Measures of spread (dispersion) are statistics that describe how data varies, usually relative to the typical value. While measures of center give us an idea of the typical value, measures of spread give us a sense of how much the data tends to diverge from the typical value.

These following functions (from the statistics module in python) calculate a measure of how much the population or sample tends to deviate from the typical or average values.

  • pvariance( ): Returns the population variance of data. Use this function to calculate the variance from the entire population. To estimate the variance from a sample, the variance( ) function is usually a better choice. When called with the entire population, this gives the population variance σ². When called on a sample instead, this is the biased sample variance s², also known as variance with N degrees of freedom.

  • pstdev( ): Return the population standard deviation (the square root of the population variance)
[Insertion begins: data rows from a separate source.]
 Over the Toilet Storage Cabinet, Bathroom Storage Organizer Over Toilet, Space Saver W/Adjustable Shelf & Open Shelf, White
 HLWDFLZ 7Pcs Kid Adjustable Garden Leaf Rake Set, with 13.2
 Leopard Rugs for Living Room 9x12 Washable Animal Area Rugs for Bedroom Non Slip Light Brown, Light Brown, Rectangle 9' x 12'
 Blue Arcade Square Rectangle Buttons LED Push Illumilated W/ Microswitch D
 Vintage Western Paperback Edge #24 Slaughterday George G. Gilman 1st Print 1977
  • variance( ): Returns the sample variance of data, an iterable of at least two real-valued numbers. Variance, or second moment about the mean, is a measure of the variability (spread or dispersion) of data. A large variance indicates that the data is spread out; a small variance indicates it is clustered closely around the mean. If the optional second argument is given to the function, it should be the mean of data. This is the sample variance s² with Bessel’s correction, also known as variance with N-1 degrees of freedom.

  • stdev( ): Returns the sample standard deviation (the square root of the sample variance)
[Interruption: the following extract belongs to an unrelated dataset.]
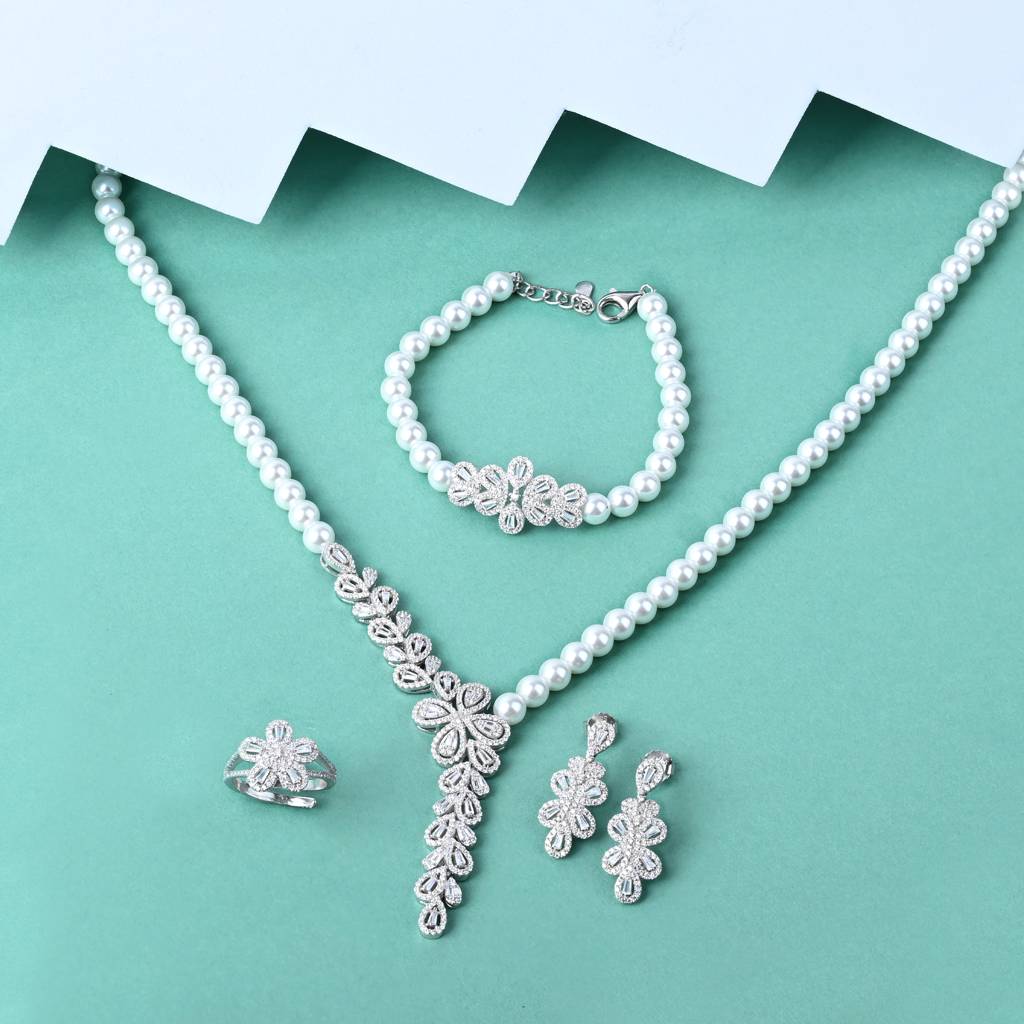 Pearl Petal Jewellery Set : JS6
myData = [1, 2, 3, 4, 6, 7, 8, 10, 10, 13, 15, 17, 18]

# pvariance
print("pvariance = ", statistics.pvariance(myData))

# variance 
print("variance = ", statistics.variance(myData))
pvariance =  29.71597633136095
variance =  32.19230769230769

Obtaining Descriptive Statistics on a Pandas Dataframe

Download the titanics dataframe here

The following lines of code loads the data frame and peeks inside the first two rows of the data.
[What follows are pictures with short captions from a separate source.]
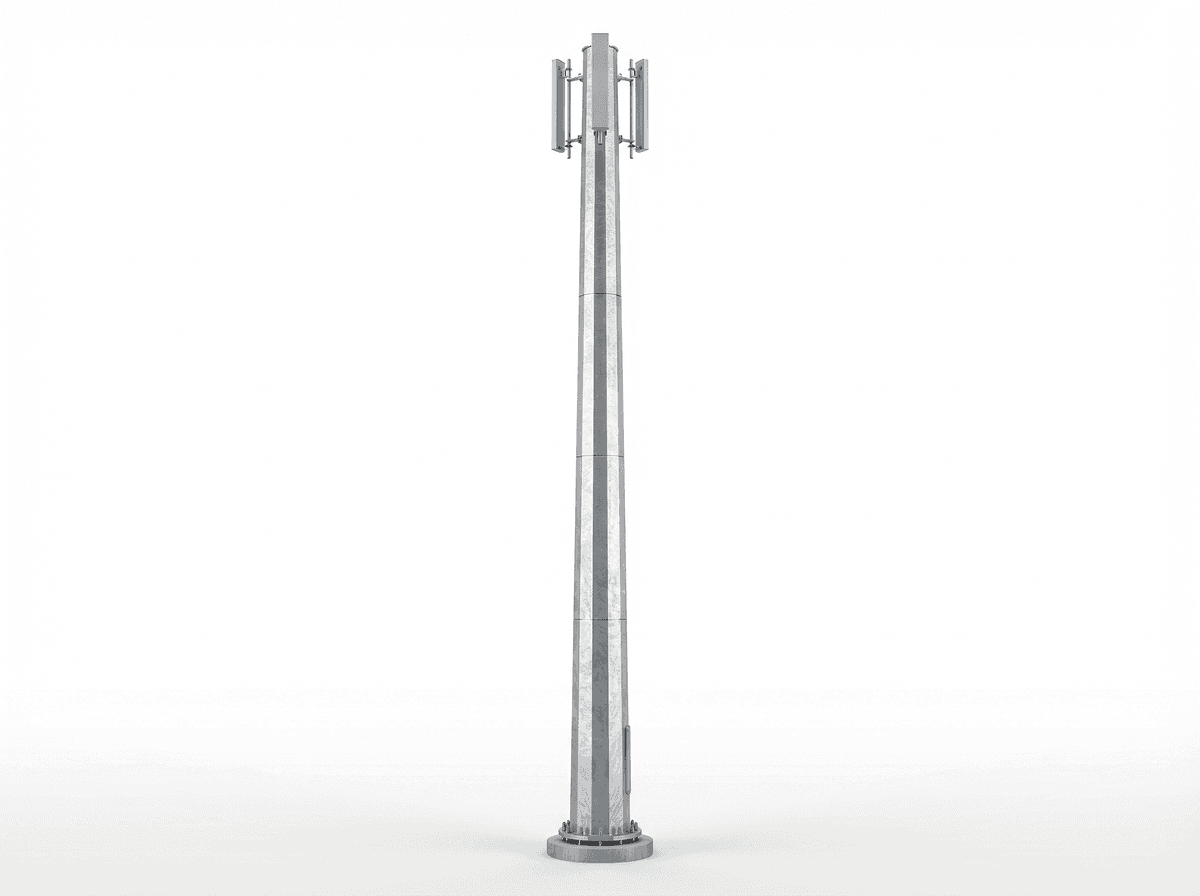 50m Highway Coverage Monopole Slip-Joint - 4-Platform Steel Telecom Tower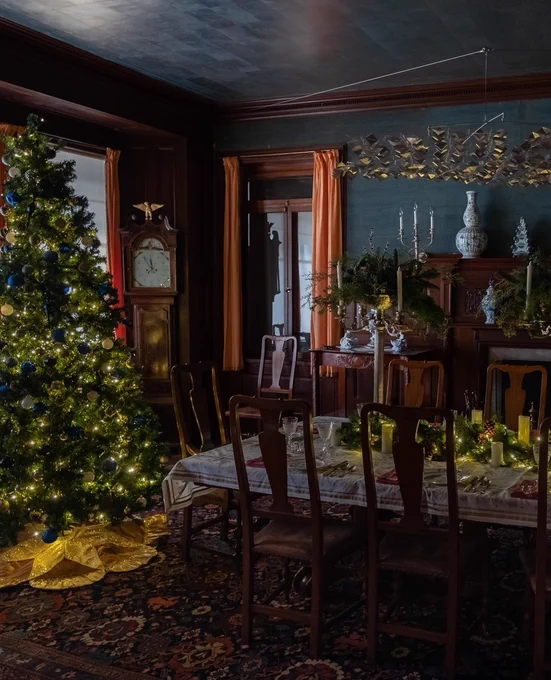 A Christmas tree and table set inside a room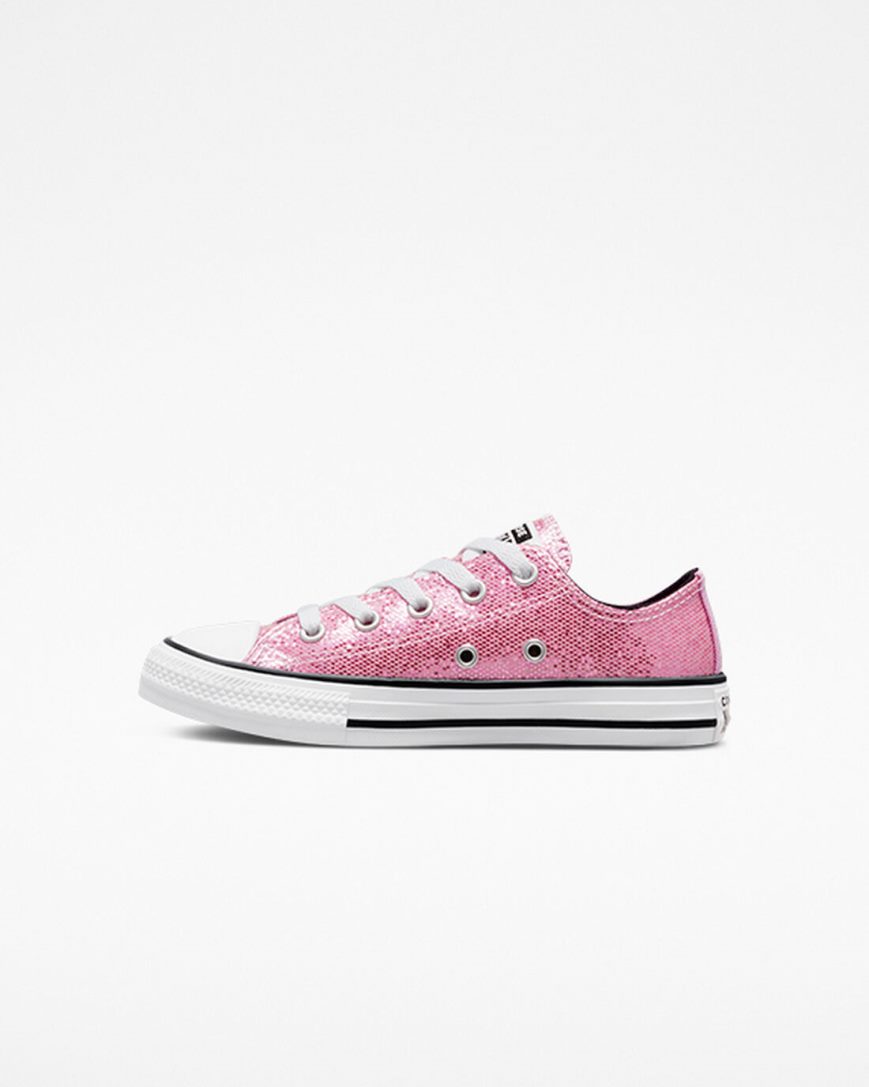 Girls' Converse Chuck Taylor All Star Glitter Low Top Shoes Pink / Black | AU 9103EG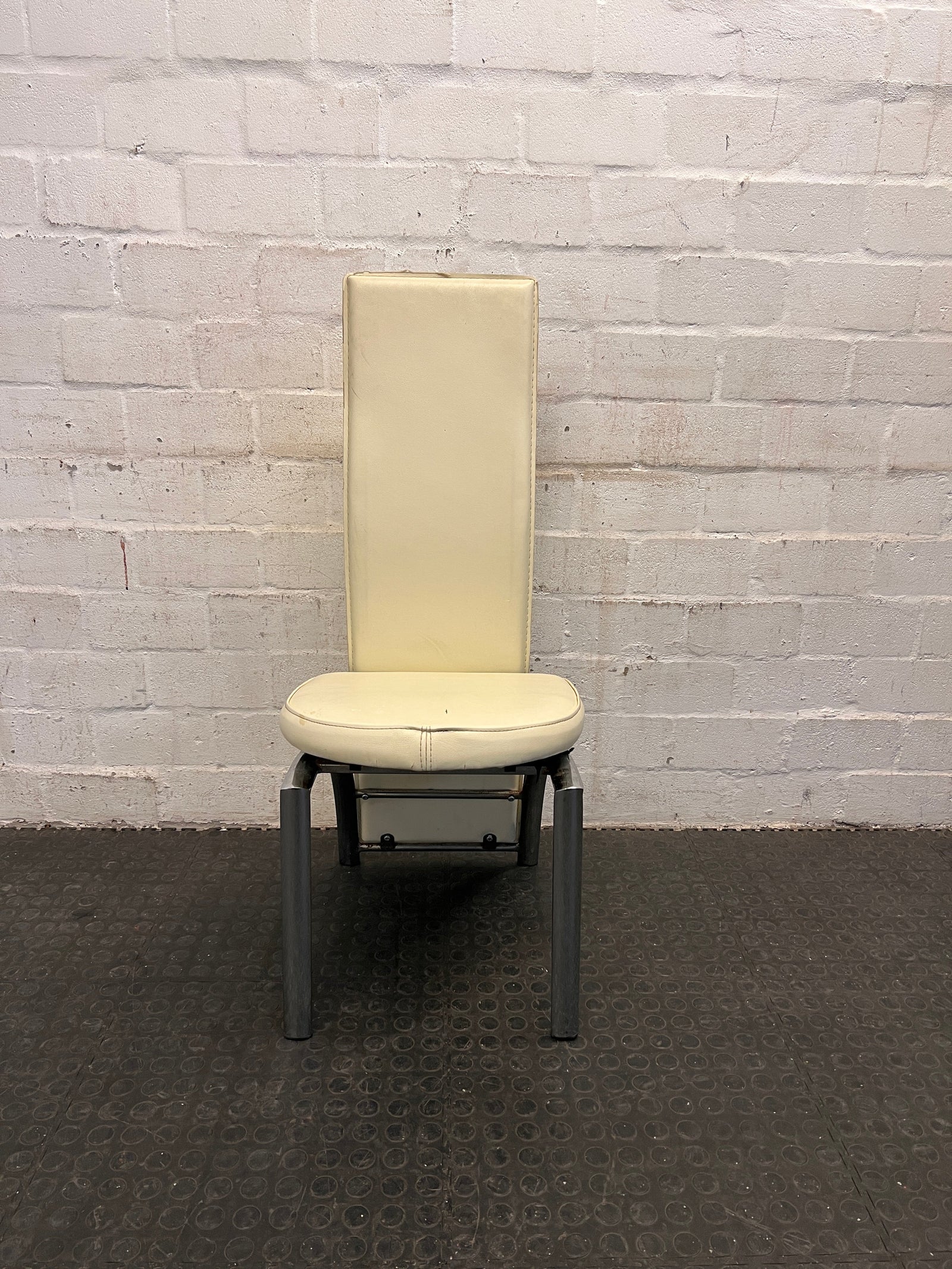 Cream Pleather Dining Chair with Round Seat (Small Tear in Seat) - PRICE DROP - 2ndhandwarehouse.com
One simplest way of looking into the descriptive statistics of the data is using the .describe() method of pandas.

# Loading data and printing first few rows
titanic_DF = pd.read_csv('train.csv')

titanic_DF.head(2)
PassengerId Survived Pclass Name Sex Age SibSp Parch Ticket Fare Cabin Embarked
0 1 0 3 Braund, Mr. Owen Harris male 22.0 1 0 A/5 21171 7.2500 NaN S
1 2 1 1 Cumings, Mrs. John Bradley (Florence Briggs Th... female 38.0 1 0 PC 17599 71.2833 C85 C
# Previewing the statistics of training data and test data
titanic_DF.describe()
PassengerId Survived Pclass Age SibSp Parch Fare
count 891.000000 891.000000 891.000000 714.000000 891.000000 891.000000 891.000000
mean 446.000000 0.383838 2.308642 29.699118 0.523008 0.381594 32.204208
std 257.353842 0.486592 0.836071 14.526497 1.102743 0.806057 49.693429
min 1.000000 0.000000 1.000000 0.420000 0.000000 0.000000 0.000000
25% 223.500000 0.000000 2.000000 20.125000 0.000000 0.000000 7.910400
50% 446.000000 0.000000 3.000000 28.000000 0.000000 0.000000 14.454200
75% 668.500000 1.000000 3.000000 38.000000 1.000000 0.000000 31.000000
max 891.000000 1.000000 3.000000 80.000000 8.000000 6.000000 512.329200
# Checking the difference between the mean and the median in non-symmetric data
norm_data = titanic_DF["Fare"]
norm_data.plot(kind="density",
              figsize=(8,8))


plt.vlines(norm_data.mean(),     # Plot black line at mean
           ymin=0, 
           ymax=0.02,
           linewidth=2.0,
           color="green")

plt.vlines(norm_data.median(),   # Plot red line at median
           ymin=0, 
           ymax=0.02, 
           linewidth=2.0,
           color="blue")
<matplotlib.collections.LineCollection at 0x116982ef0>

png

The plot shows that the median is a better indicator of the central tendency as compared to the mean. However for symmetric data (normal distribution) they could be identical.